After 27 days of the longest and largest ever multi-national sea-air-satellite search of the missing MAS Boeing 777 from South China Sea to the Straits of Malacca; from the Andaman Sea to the Northern and Southern corridors; and now to the Indian Ocean, no clue has been uncovered with regard to the whereabouts of MH370.
The MH 370 “black boxes” – which records flight data and cockpit voice communications – is now the only hope for clues to the mystery of the flight’s March 8 disappearance or the mystery may never be solved.
Time is fast running out as there are only three days left to retrieve MH370 boxes as their battery-powered signal usually last only about 30 days.
The entry of the British nuclear submarine, HSM Tireless, to join the search for Flight MH370 from Perth, has made it an eight-nation sea-undersea-and-air search involving Australia, Malaysia, China, Japan, New Zealand, South Korea, the United States and United Kingdom.
However, despite a search involving 12 planes and 10 ships and now one submarine, with more than 100 men and women in the air and more than 1,000 at sea, the prospects of the 27-day search of the missing MH370 Boeing 777 have become increasingly pessimistic, forlorn and desperate with no one any the wiser as to where the Malaysia Airlines jet hit the sea.
The Australian Maritime Safety Authority has stopped giving details of objects found in the sea, preferring to say simply “nothing significant found” at the end of a day’s searching.

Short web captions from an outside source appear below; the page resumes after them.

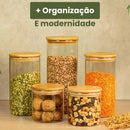 05 Potes de Vidro Hermético Transparente Tampa Bambu Porta Alimentos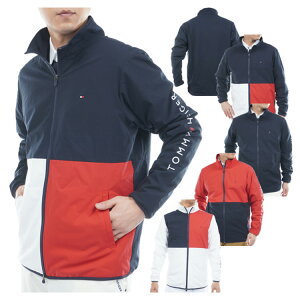 トミーヒルフィガー ゴルフ ブルゾン メンズ 長袖 ジャケット ウインドジャケット フルジップ 撥水 ストレッチ 防風 ゴルフウェア ブランド 無地 春 秋 冬 THMA567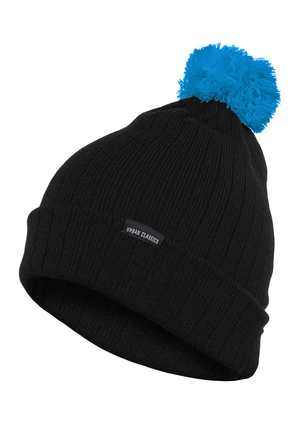 Contrasting Bobble blk/tur beanie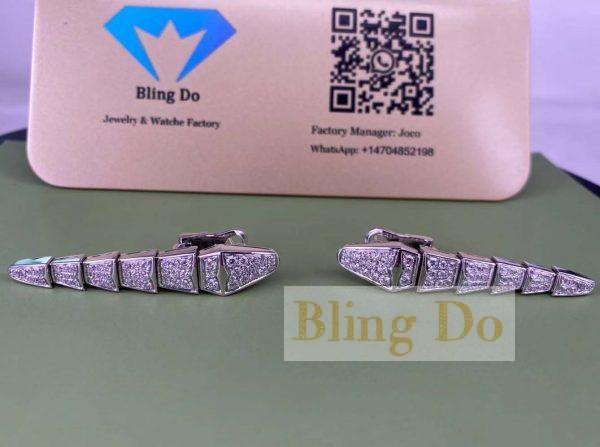 BVLGARI Serpenti Viper 18K White Gold Earrings with Diamonds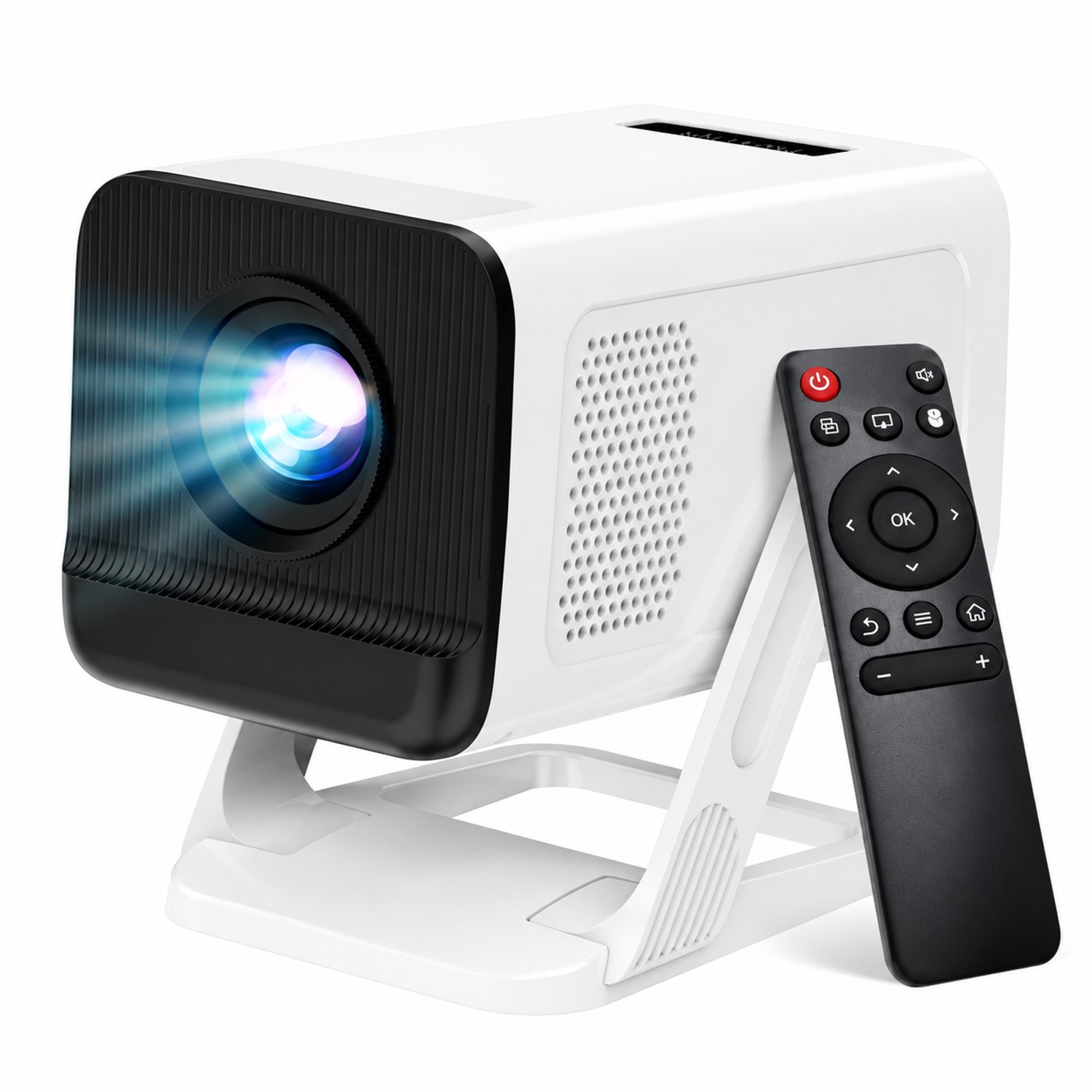 Veya Mini Beamer Wit - Projector - 4K - 180graden draaibaar - Android - Wifi6 - Beeld 40 tot 150inch - Bluetooth - 18 x 15 x 11cm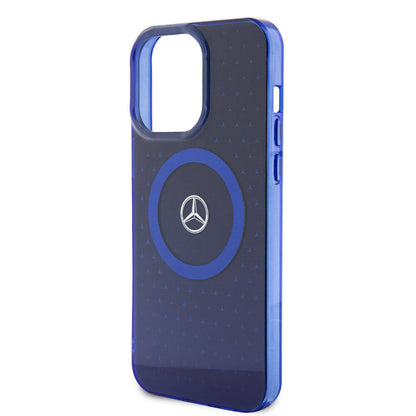 iPhone 15 Pro Max Kılıf Mercedes Benz Orjinal Lisanslı M-safe Şarj Özellikli Çift Katmanlı Mavi Yıldız Desenli Kapak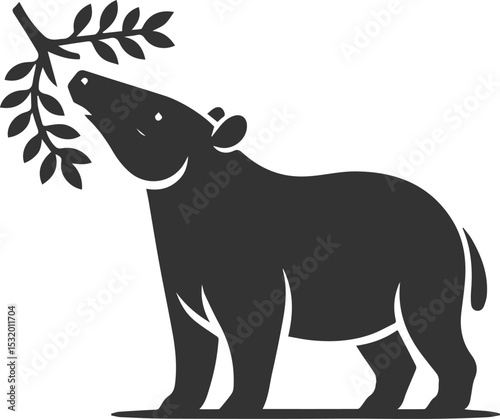 Animal vector silhouette of a tapir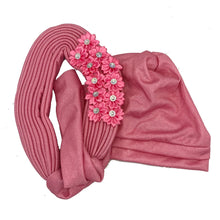 2024 New African Headtie Turban Nigeria Head Ties with Flowers Already Made Auto Gele Women Head Wraps for Wedding Party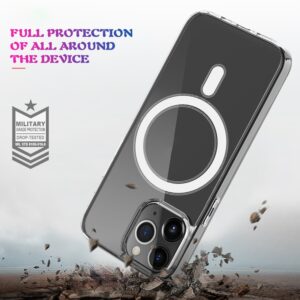 Θήκη iPhone 13 Pro Διάφανη Magsafe Case Magnetic Ring Clear Crystal Acrylic +TPU Four-corner Airbag Shockproof Transparent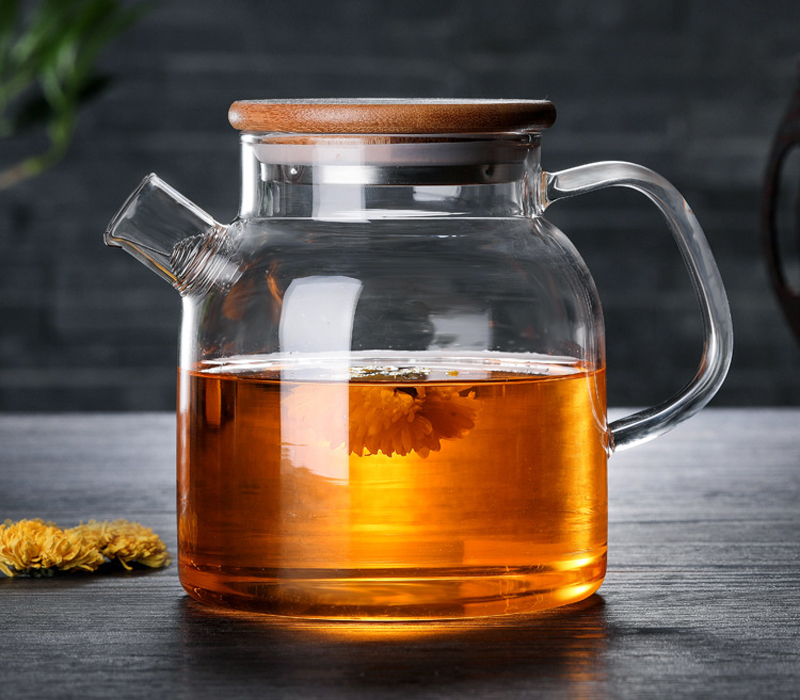 Bình pha trà thủy tinh nắp gỗ lõi lọc lò xo 700ml và 1000ml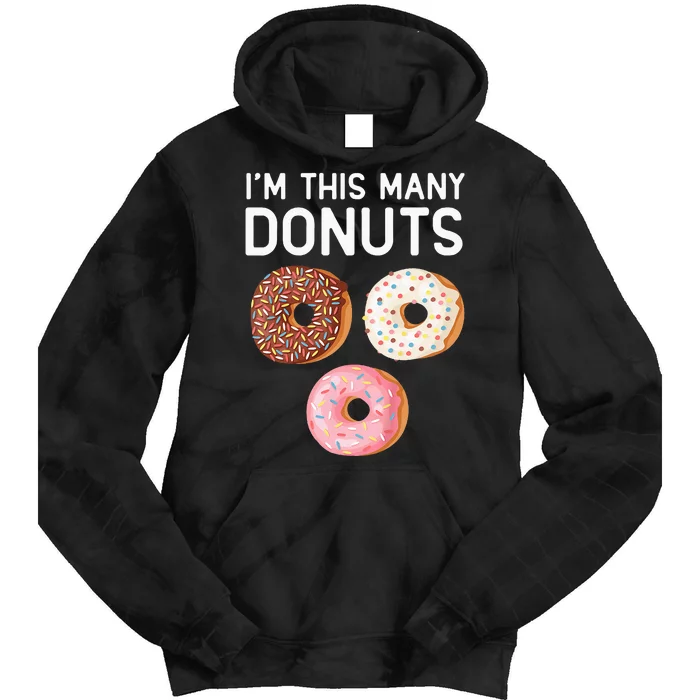 Kids Cute Donut 3rd Birthday Im This Many Donuts 3 Year Old Tie Dye Hoodie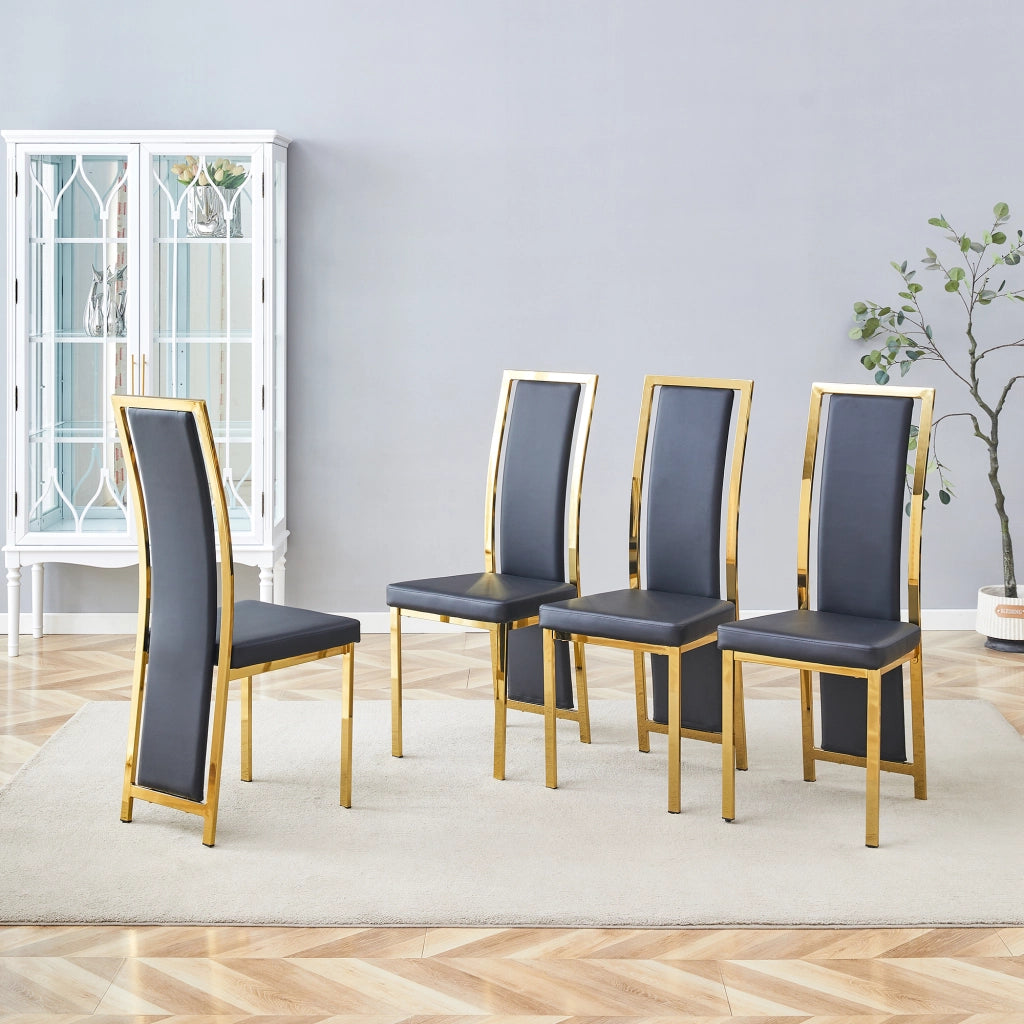 SEDIA da pranzo Set da 4 pezzi 109 cm Nero/Oro in PU e metallo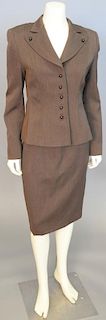 Escada two piece suit, brown twill wool jacket with matching skirt.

Without any single clue so far and the likelihood that the debris field of the MH370 could be spread over a thousand miles after 27 days of the mysterious mishap on March 8, the warning of the former Australian air force chief, Air Chief Marshall Angus Houston, who is leading the international search, that the missing Malaysian Airlines planes “might never be found” must weigh heavily not only on the loved ones of the 239 passengers and crew onboard MH370, the international community of well-wishers world-wide but also on all Malaysian MPs.
It is very somber to be reminded by Houston that Australia took 60 years to locate HMS Sydney which was lost off Western Australia during the second world war and was not discovered until 2008.
Yesterday, the Inspector-General of Police, Tan Sri Khalid Abu Bakar has added to the gloom when he said that the MH370 may never be solved and the authorities may never learn what caused the mysterious disappearance of the Flight MH370.
The current meeting of Parliament ends next Thursday on April 10.
While we hope and pray that the black boxes could be retrieved in the next three days, Malaysian MPs, whether Pakatan Rakyat or Barisan Nasional, must think hard and fast whether Parliament should adjourn next Thursday utterly lost and indecisive if it becomes increasingly unlikely that the black boxes of the missing Malaysian Airlines (MAS) aircraft MH370 is going to be retrieved in the coming weeks and months.
The Prime Minister and the Cabinet has yet to respond to the call for the establishment of an Opposition-headed Parliamentary Select Committee on MH370 disaster.
Time is not only running out for the retrieval of the “black boxes” before their batteries expire, time is also running out for the Malaysian Parliament to play a meaningful role in the MH370 disaster before Parliament adjourns next Thursday.
I call on the Cabinet meeting tomorrow not to delay any further and to endorse the establishment of an Opposition-headed Parliamentary Select Committee on MH370 next week before Parliament adjourns on April 10, to send a clear and unmistakable message, both nationally and internationally, that the Malaysia has nothing to hide and is prepared to find answers to the thousand-and-one questions which have surfaced in the past four weeks, not just about the “what, how and why” about the events leading to the disappearance of Flight MH370 on March 8, but also a whole series of questions and controversies surrounding the disappearance of the Triple Seven and the Search-and-Rescue (SAR) Operation.
Parliament will be committing an unpardonable dereliction of duty if Parliament adjourns next Thursday with absolutely no concrete parliamentary measures as to the role Malaysian MPs can play not only in finding answers to the many questions raised in the MH370 Disaster, but in help restoring national and international confidence in the transparency, good governance and international reputation of Malaysia.